Phew, this is a lot of code! But don't worry, we'll go over it here section by section.

1. You iterate over the chunks matched by the prior regular expression, and in this section you split the chunks by the "<" character (the tag opener). As a result, in parts[0] you have the text to add to the result and in parts[1] you have the content of the tag that changes the formatting for the text that follows.
2. Next you create a dictionary holding a number of formatting options - this is the way you can pass formatting attributes to a NSAttributedString. Have a look at the key names - they are Apple defined constants which are pretty self-explanatory (of you can check out Apple's Core Text String Attributes Reference for full details). By calling appendAttributedString: the new text chunk with applied formatting is added to the result string.
3. Finally, you check if there's a tag found after the text; if it starts with "font" a regex is ran for every possible tag attribute. For the "face" attribute the name of the font is saved in self.font, for "color" I and you did a little trickery: for <font color="red"> the text value "red" is taken by the colorRegex and then a selector "redColor" is created and performed on the UIColor
   class - this (hehe) returns a UIColor instance of a red color. Note this trick works only for the predefined colors of UIColor (and can even cause your code to crash if you pass in a selector that does not exist!) but this is sufficient for this tutorial. The stroke color attribute works much like the color attribute, but if the value of strokecolor is "none" just sets the stroke widht to 0.0, so no stroke will be applied to the text.

Note: If you're unsatiably curious how the regular expressions in this section work, they are basically saying ("Use the look-behind assertion to look for any text that is preceded by color=". Then match any normal word character (which does not include a quote), which basically keeps matching until the close quote is found. For more details, check out Apple'sNSRegularExpression class reference.

Right! Half the work of rendering formatted text is done - now attrStringFromMarkup: can take markup in and spit a NSAttributedString out ready to be fed to Core Text.

So let's pass in a string to render, and try it out!
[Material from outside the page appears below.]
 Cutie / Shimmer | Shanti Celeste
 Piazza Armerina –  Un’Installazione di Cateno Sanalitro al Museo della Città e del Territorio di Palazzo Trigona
Open CTView.m and add this just before @implementation:

#import "MarkupParser.h"

Find the line where attString is defined - replace it with the following code:

MarkupParser* p = [[[MarkupParser alloc] init] autorelease]; NSAttributedString* attString = [p attrStringFromMarkup: @"Hello <font color=\"red\">core text <font color=\"blue\">world!"];

Above you make a new parser, feed it a piece of markup and it gives you back formatted text.

That's it - hit Run and try it for yourself!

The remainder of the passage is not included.